O Oriente Médio enfrenta uma crise de segurança regional de magnitude sem precedentes, replicando os eventos da primeira Guerra do Golfo, ocorrida em 1991. O Irã, em vez do Iraque, emerge como protagonista nesta nova escalada de confrontos. Segundo a Revista Oeste, a situação atual se assemelha ao conflito anterior, com países como Bahrein, Omã, Emirados Árabes, Arábia Saudita e Catar sofrendo ataques de forças iranianas.

A escalada é marcada pelo lançamento de mísseis balísticos, como os Gadhr, Fattah1 e Emad, com alcance superior a 1,5 mil quilômetros, que atingem alvos civis, incluindo hotéis e aeroportos, além de infraestruturas militares e de energia. Esses mísseis representam uma evolução em relação aos armamentos utilizados na década de 1990, buscando causar uma guerra regional.

A segunda Guerra do Golfo, em 2003, com a invasão dos Estados Unidos ao Iraque, também é mencionada como um ponto de referência. Em 1991, apenas Israel se posicionou para responder aos ataques iranianos, uma situação que se repete, com a crescente preocupação com a escalada.
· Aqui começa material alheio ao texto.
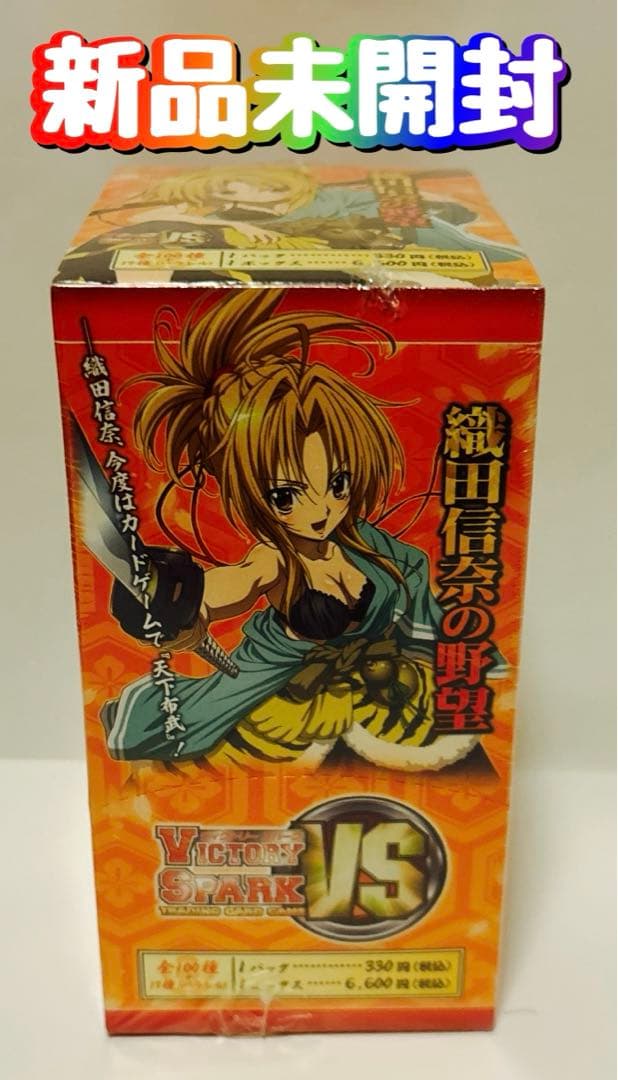 新品　未開封　ヴィクトリースパーク　織田信奈の野望　ブースター　BOX
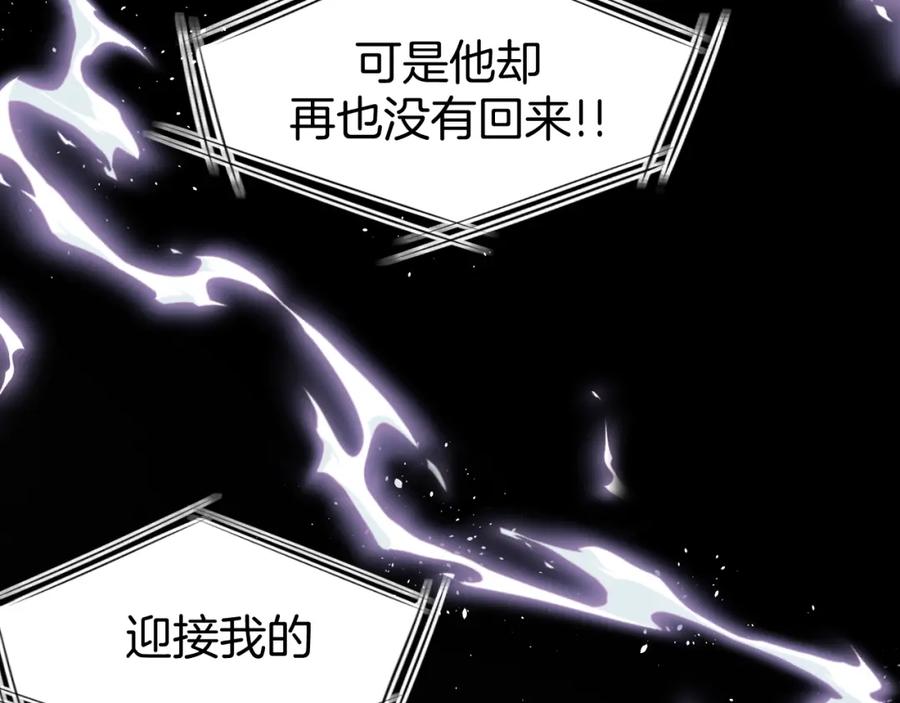 《别动！自己人》第74话 真相2 第71页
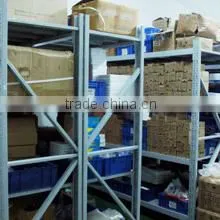 Shenzhen OBTPA Technology Co., Ltd. company overview - view 2 thumbnail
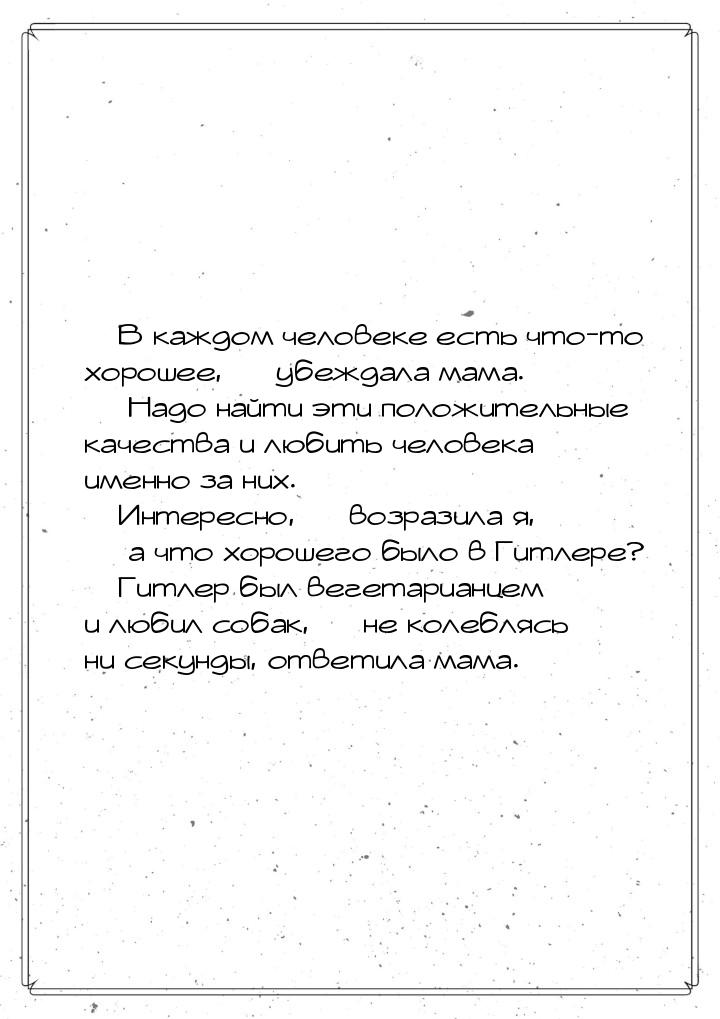  В каждом человеке есть что-то хорошее, — убеждала мама. — Надо найти эти положител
O ex-primeiro-ministro e ex-ministro das Relações Exteriores do Catar, Hamad bin Jassim bin Jaber Al Thani, declarou, através da rede social X, que os países do Conselho de Cooperação do Golfo “não devem ser arrastados para um confronto direto com o Irã”, embora Teerã “tenha violado a soberania dos Estados do Conselho e sido o agressor”. Ele alertou para a possibilidade de forças externas aproveitarem a situação para exercer influência sobre os países da região.

A disputa tecnológica entre mísseis balísticos, como os Scud soviéticos, e sistemas de defesa antiaérea, como o Patriot, já se manifestava na Guerra do Golfo de 1991. O sistema Patriot, inicialmente desenvolvido pelos EUA, se tornou um símbolo militar do conflito e influenciou o desenvolvimento de sistemas de defesa mais avançados, como o Iron Dome de Israel.

Naquele conflito, a intervenção de Israel, sob o governo de Itzhak Shamir do Likud, teria desencadeado uma escalada ainda maior, envolvendo outros países da região. O sistema Patriot, por sua eficácia, contribuiu para um número baixo de vítimas e elevou o prestígio dos soldados norte-americanos que operavam o equipamento.

Conforme apurou a Revista Oeste, o atual conflito, segundo Ezzat Ibrahim, do portal egípcio Ahram Online, é um teste histórico para a segurança regional. Ele também aponta para um potencial cenário de integração militar e comercial entre os países da região, após o término do conflito.